17 Nisan 2017 Pazartesi

Kütüphane ve Siyaset

Başlığı görünce “Ne alaka?” diyeceksiniz belki. Ama çok alakası var. Bu yazı herhangi bir siyasi ideolojiyi desteklemiyor. Veya hiç birisi ile alakalı görüş bildirmiyor. Bu yazı kütüphanelerin, kitap deposu olmadığının bir başka kanıtı olmayı amaçlıyor. Çok uzun olmayacak kısa ve net olacak bu yazı.

Daha önce ki yazımda da söylediğim gibi, kütüphane kültürü çocukluktan kazanılması veya kazandırılması gereken bir alışkanlık. Çünkü kütüphaneler sorumluluk bilincini geliştirir, adalet duygusuyla kişisel haklara saygı duymayı öğretir. Empati kurmayı ve paylaşmayı öğretir insana. Okumanın ne güzel olduğunu öğretir, öğretir ki insanlar okumadıkları hiçbir şeyin altına imza atmasın. Öğretir ki, insanlar neden evet, neden hayır dediğini bilsin. Oy kullanırken o oyu nasıl kullanması gerektiğini, hata yaparsa sonuçlarının ne olacağını bilsin.

Siyasi bir lider veya parti mensubu olursa çocukluğundan beri kütüphane kullanmayı bilen birisi, nasıl siyaset yapması gerektiğini, adaletli olası gerektiğini bilir. Sorumluluklarının farkındadır. Hayat sadece derslere girmekle öğrenilmez. Kütüphaneden bir kitap aldığında, o kitabın iade tarihini takip etmeyi, o kitabı geciktirirse başka insanları mağdur edebileceğini, kaybederse ceza ödeyeceğini öğrenir. Bir kitaba ihtiyaç duyduğunda, anne-babasına emir vermek yerine, gidip kütüphaneden emeği ile bulabileceğini, kullanıp tekrar bırakabileceğini öğrenir. Kütüphanede ders çalışırken sessiz olması gerektiğini, çevresinde ki insanlara saygı duyması gerektiğini öğrenir. Sosyalleşir ve doğru iletişim kurmayı öğrenir. Böylece siyasetin birbirinin açığını aramak değil, Ülkenin geleceği için politika üretmek olduğunu anlar.

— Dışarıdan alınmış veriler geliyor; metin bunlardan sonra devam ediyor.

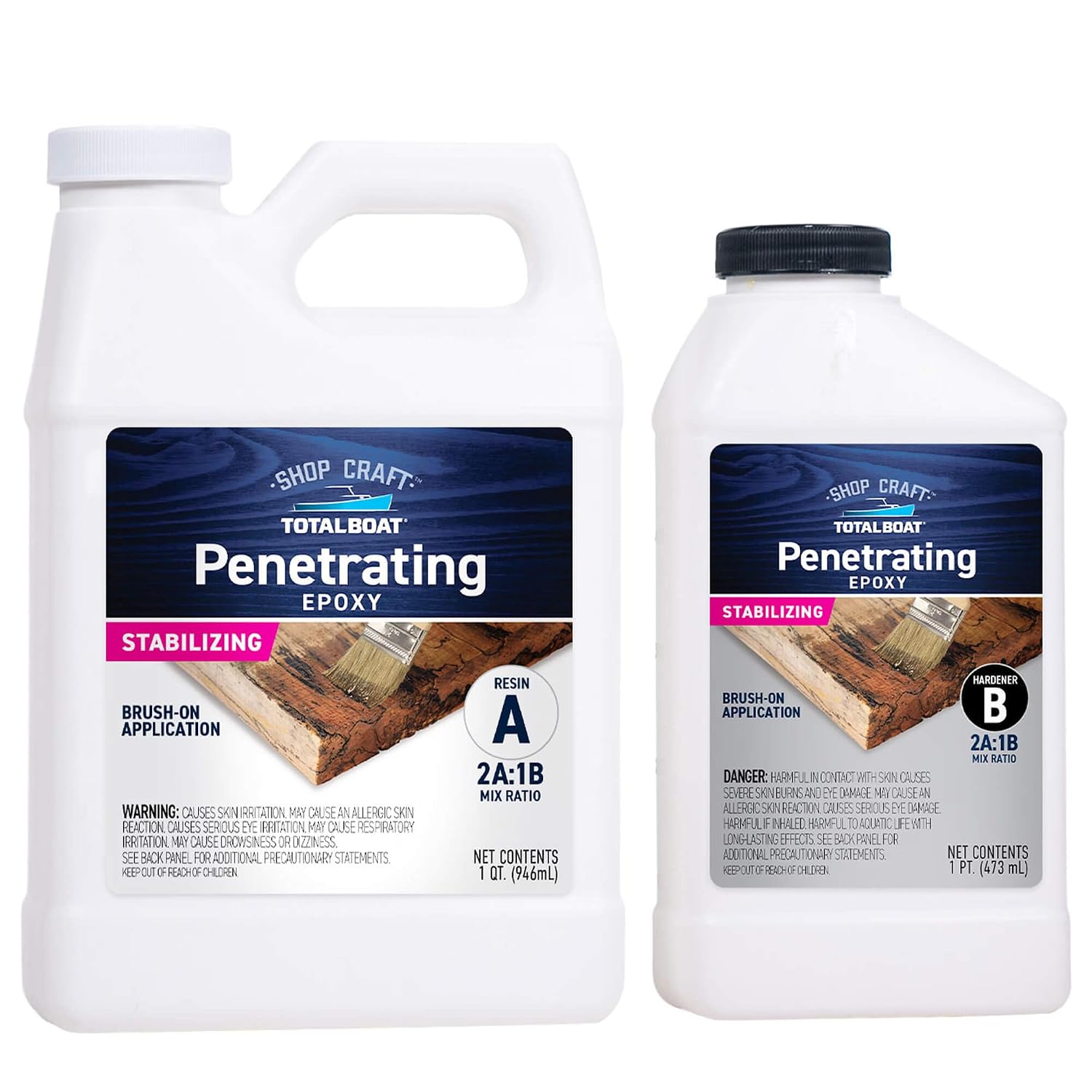 TotalBoat Clear Penetrating Epoxy Wood Sealer - 1.5 Quart Kit, Traditional | Ideal for Wood Rot Repair & Sealing Plywood; Marine-Grade Epoxy Hardens and Stabilizes; Waterproofs and Protects Outdoor Wood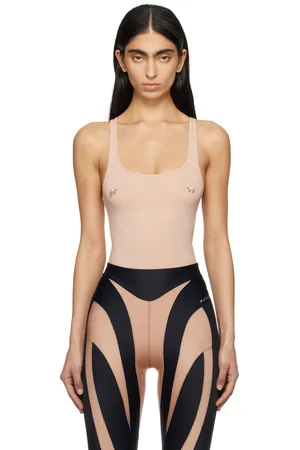 MUGLER Beige Pierced Bodysuit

Çok kütüphane kullanan birisi, çok okur. Çok okuyan birisi konuşmayı ve hitap etmeyi öğrenir. Nerede nasıl konuşacağını, kime ne şekilde davranacağını bilir. Sertliğini nezaketiyle süsler ki söylediği ve yaptığı dayak yemekten beter eder.

Sözün özü, kütüphanede siyaseti değil, insanca yaşamaya dair ipuçlarını öğrenirsiniz. Gelin, biz buradayız. Gelecek nesiller için, kütüphanelerin tozlu kitaplarla dolu depolar olmadığını görmek için, ufkunuzu açmak için, çocuklarınızı dünyanın kötü yüzünden korumak için, haydi, kalkın ve evinize en yakın kütüphaneye gidin. Göreceksiniz harikalar diyarı nasıl bir yermiş…

Kitapla ve mutlulukla kalmanız dileğimle,
Sevgi ve saygılarımı sunarım. 

13 Nisan 2017 Perşembe

Anaokulundan Üniversiteye Kütüphane Kültürü

Küçücük çocuklara ne gerek var canım bu kadar büyük kütüphaneye! Bacak kadar çocuklar kitaptan ne anlar! Anlar efendim anlar! Siz çocuklarınıza kitap okumayı öğretmezseniz, teşvik etmezseniz, çocuğunuz büyüdüğünde “benim çocuğun neden hiç ders çalışmıyor?!” diye çok dert yanarsınız.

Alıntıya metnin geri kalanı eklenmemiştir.